Il re, cui si erano fatte palesi le cabale di taluni di questi incettatori, per impedire lo esterminio delle famiglie, proibì che si potessero in avvenire percepire i quinti nelle gabelle. Questa legge, che da una parte risecava i monopolj, dall’altra era pregiudizievole ai possessori, che cessata ogni speranza di lucro, non trovavano molti obblatori, ed erano tante volte costretti a dare il fondo, che meritava di più, o nel piede, in cui era stato negli anni antecedenti, o a minor prezzo. Ecco perchè cercò il parlamento, che quest’ordine fosse moderato.

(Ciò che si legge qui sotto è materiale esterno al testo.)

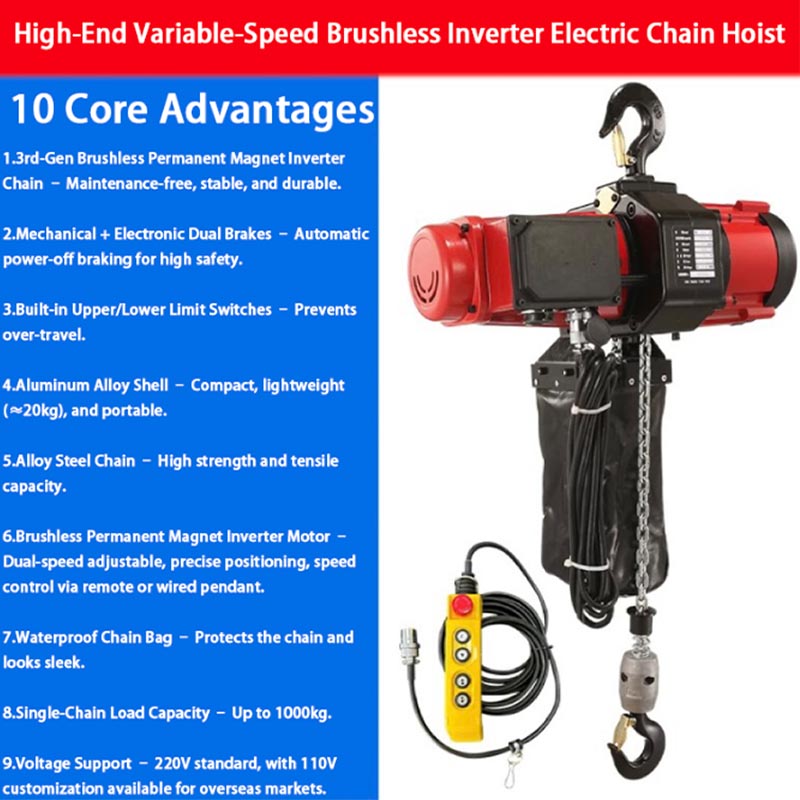 Kerekan Rantai Listrik 220V Ke - Electric Chain Hoist ulasan dan harga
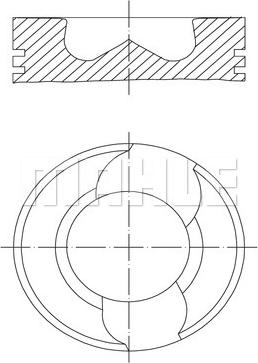 MAHLE 228 14 20 - Поршень unicars.by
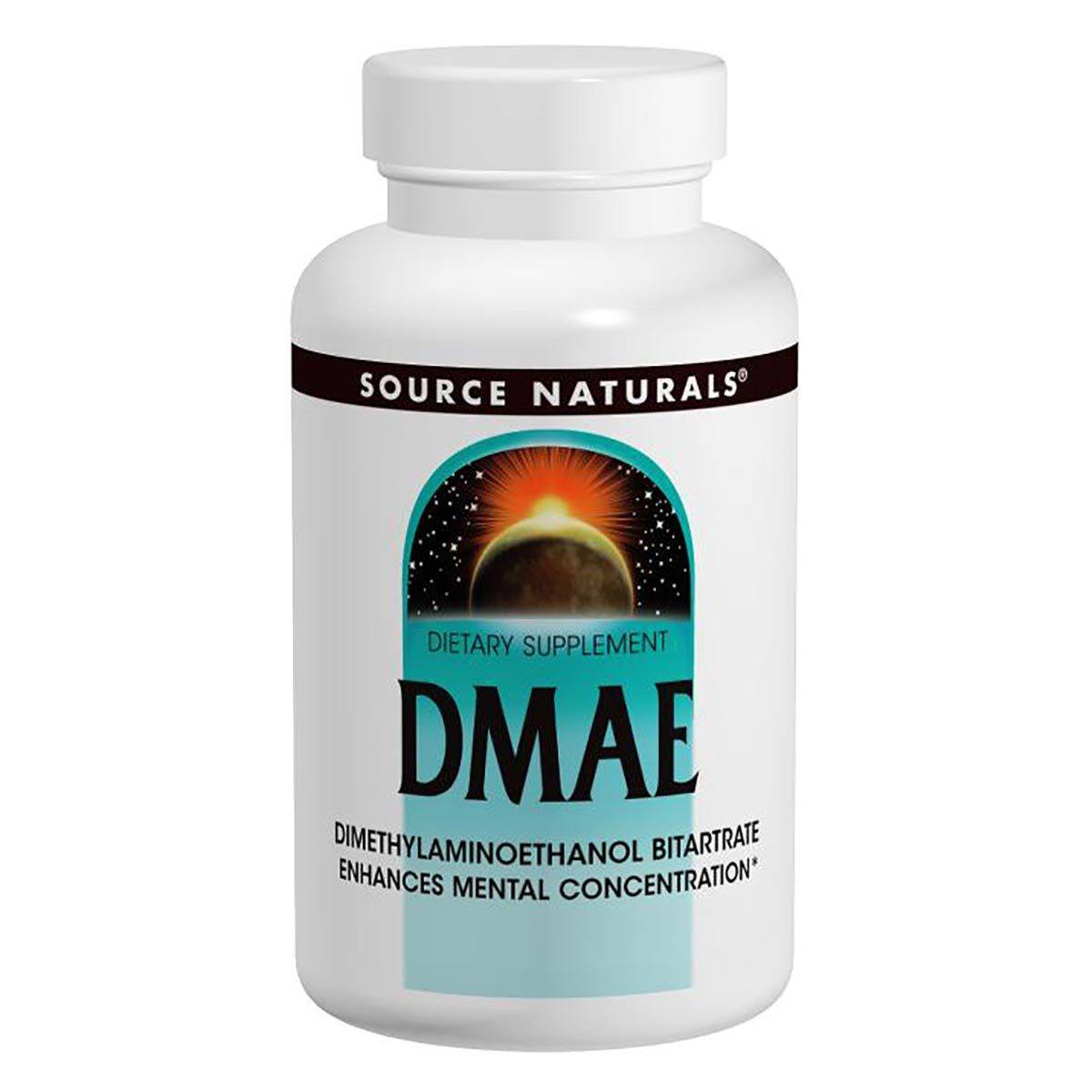 Source Naturals DMAE 351mg 100 Capsules Other Supplements Source Naturals  (1058074296363)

(2484) Questo ritrovato, che fu creduto come un mezzo sollecito per ristorare la città, nè fu tale, nè ebbe quello effetto, che si desiderava, come diremo. Forse se questi cavalieri avessero saputo, che lo stesso progetto era stato fatto l’anno 1648 nelle tumultuazioni di Giuseppe di Alessi, fissandosi tre tarini per ogni finestra, e sei per ogni balcone, e che non ebbe effetto (vedi Collurafi Tumult. di Palermo pag. 73), si sarebbono astenuti dal proporlo, e dallo accettarlo.
(2485) Vol. dei Consigli dall’anno 1744, all’anno 1780, fogl. 145.
(2486) Dichiara il re nel suo dispaccio dei 18 di luglio che qualora, fatta questa prima esazione, si conosca che la ritratta somma non è sufficiente ai bisogni del senato, allora dava il permesso di mettersi la tassa di tarì cinque sopra ogni cantaro di neve, e di poi di tarini 24 sopra ogni botte di vino, a misura delle circostanze. Furono esentati da queste imposizioni il regio palagio, le chiese, e i quartieri militari.